I am reading the book Simulation and Inference for Stochastic Differential Equations with R Examples. In the middle of page 44, there is a solution for $X_t e^{\theta_2t}$. I couldn't derive the same result.
According to the book, $$ dX_t = (\theta_1-\theta_2X_t)dt + \theta_3 dW_t, ~~X_0=x_0 $$ with $\theta_3\in \mathbb{R}_+$ and $\theta_1$,$\theta_2 \in \mathbb{R}$.
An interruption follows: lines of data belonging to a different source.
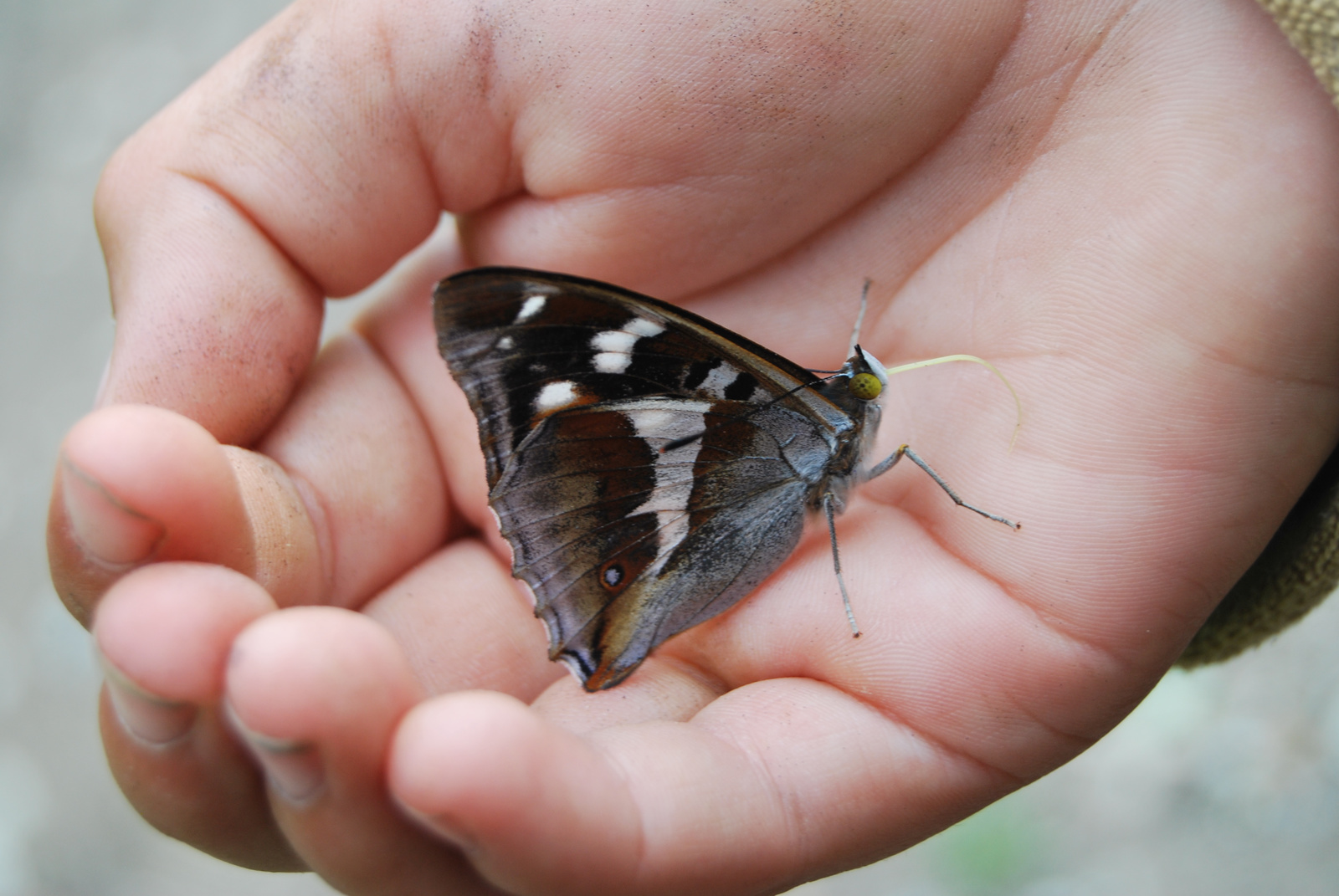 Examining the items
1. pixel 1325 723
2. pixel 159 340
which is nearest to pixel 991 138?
pixel 159 340

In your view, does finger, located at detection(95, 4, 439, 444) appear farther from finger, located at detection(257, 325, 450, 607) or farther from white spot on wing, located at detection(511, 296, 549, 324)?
white spot on wing, located at detection(511, 296, 549, 324)

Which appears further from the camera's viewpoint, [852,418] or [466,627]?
[466,627]

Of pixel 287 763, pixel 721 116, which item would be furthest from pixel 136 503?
pixel 721 116

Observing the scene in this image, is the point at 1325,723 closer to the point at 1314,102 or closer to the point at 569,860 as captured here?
the point at 1314,102

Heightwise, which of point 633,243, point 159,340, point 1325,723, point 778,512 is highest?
point 633,243

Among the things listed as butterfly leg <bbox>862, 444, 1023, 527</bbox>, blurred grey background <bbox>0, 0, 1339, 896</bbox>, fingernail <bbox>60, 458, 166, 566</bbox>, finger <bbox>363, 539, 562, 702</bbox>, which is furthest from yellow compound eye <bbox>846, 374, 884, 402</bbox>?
blurred grey background <bbox>0, 0, 1339, 896</bbox>

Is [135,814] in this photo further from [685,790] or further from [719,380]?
[719,380]

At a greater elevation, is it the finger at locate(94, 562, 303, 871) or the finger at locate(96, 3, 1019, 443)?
the finger at locate(96, 3, 1019, 443) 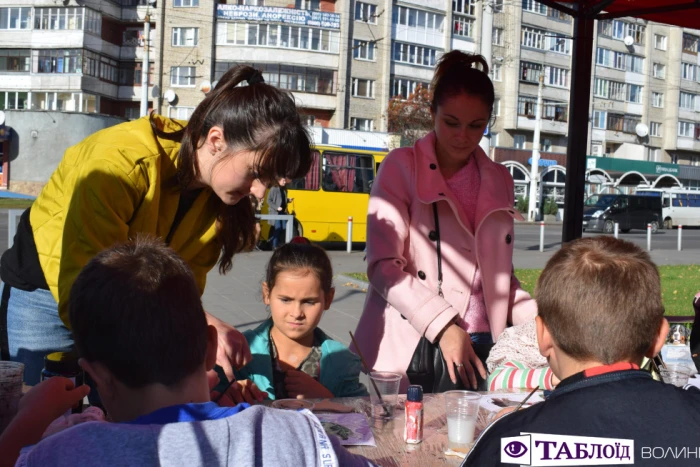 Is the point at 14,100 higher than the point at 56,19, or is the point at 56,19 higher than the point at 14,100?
the point at 56,19

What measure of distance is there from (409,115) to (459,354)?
4575 cm

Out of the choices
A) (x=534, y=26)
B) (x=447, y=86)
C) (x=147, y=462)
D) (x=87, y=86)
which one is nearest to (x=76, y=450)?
(x=147, y=462)

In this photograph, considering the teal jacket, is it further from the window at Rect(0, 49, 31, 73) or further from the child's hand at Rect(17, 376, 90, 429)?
the window at Rect(0, 49, 31, 73)

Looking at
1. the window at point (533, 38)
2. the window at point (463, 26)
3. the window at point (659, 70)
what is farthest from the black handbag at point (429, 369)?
the window at point (659, 70)

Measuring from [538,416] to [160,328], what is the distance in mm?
862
We choose $f(t,x) = x~e^{\theta_2 t}$, and its first derivative with respect to $t$, its first derivative with respect to $x$, and its second derivative with respect to $x$ are $$ f_t(t,x) = \theta_2~f(t,x) $$
$$ f_x(t,x) = e^{\theta_2 t} $$
$$ f_{xx} (t,x) = 0 $$
The solution from the book is $$ X_t e^{\theta_2 t} = f(t,X_t)=f(0,X_0)+\int_{0}^{t}\theta_2X_ue^{\theta_2u}du+\int_{0}^{t}e^{\theta_2u}dX_u $$ $$ =x_0 + \int_{0}^{t}\theta_2 X_u e^{\theta_2u}du+\int_{0}^{t}e^{\theta_2u}\big\{(\theta_1 - \theta_2X_u)du + \theta_3 dW_u \big\} $$ $$ =x_0+\frac{\theta_1}{\theta_2}\big(e^{\theta_2 t} -1\big) + \theta_3 \int_{0}^{t}e^{\theta_2 u} dW_u $$
But my solution is
$$ X_t e^{\theta_2 t} = f(t,X_t)=f(0,X_0)+\int_{0}^{t}\theta_2X_ue^{\theta_2u}du+\int_{0}^{t}e^{\theta_2u}dX_u $$ $$ =x_0 + \int_{0}^{t}\theta_2 X_u e^{\theta_2u}du+\int_{0}^{t}e^{\theta_2u}\big\{(\theta_1 - \theta_2X_u)du + \theta_3 dW_u \big\} $$ $$ =x_0+ \int_{0}^{t}e^{\theta_2 u} \theta_1 du + \theta_3 \int_{0}^{t}e^{\theta_2 u} dW_u $$ $$ = x_0+ e^{\theta_2 t} \theta_1 t + \theta_3 \int_{0}^{t}e^{\theta_2 u} dW_u $$
What is my mistake?
Thanks!
In the very last line you didn't calculate the integral
$$\int_0^t e^{\theta_2 u} \theta_1 \, du$$
correctly. Note that
$$\int_0^t e^{\theta_2 u} \theta_1 \, du= \frac{\theta_1}{\theta_2} (e^{\theta_2 t}-1).$$